Bakunin threw himself into propaganda on behalf of the International. In a series of articles for
L’Egalité
, the journal of the French-speaking Swiss Federation of the International, he insisted that every new member must pledge ‘to subordinate your personal and family interests as well as your political and religious beliefs to the supreme interests of our association: to the struggle of labour against capital, i.e., the economic struggle of the workers against the bourgeoisie’. This sounds distinctly authoritarian, and would horrify Godwin, who thought the right to private judgement paramount: one should not join a political association which insists on loyalty and obedience contrary to one’s own conscience.

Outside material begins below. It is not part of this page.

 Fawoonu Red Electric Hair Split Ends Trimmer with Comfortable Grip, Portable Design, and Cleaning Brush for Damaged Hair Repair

Bakunin defined the principal task of the International as providing the great mass of workers, who are ‘socialistic
without knowing if
, with socialist thought, so that each worker could become ‘fully conscious of what he wants, to awaken in him an intelligence which will correspond to his inner yearnings’. But this is not to be achieved only by propaganda and education, since the best way for workers to learn theory is through practice:
‘emancipation through practical action’.
The fundamental principle of the International is therefore entirely correct: ‘The emancipation of the workers is the task of the workers themselves.’
84

Although it had little substance in reality, Bakunin continued to draw up programmes for the ‘International Brotherhood’. In a draft of 1869, he clarified his ideas about revolutionary strategy, calling for the confiscation of private, Church, and State property and its transformation into collective property under a free federation of agricultural and industrial associations. He now gave a positive meaning to anarchy. ‘We do not fear anarchy’, he declared,

we invoke it. For we are convinced that anarchy, meaning the unrestricted manifestation of the liberated life of the people, must spring from liberty, equality, the new social order, and the force of the revolution itself against the reaction. There is no doubt that this new life — the popular revolution — will in good time organize itself, but it will create its revolutionary organization from the bottom up, from the circumference to the centre, in accordance with the principle of liberty.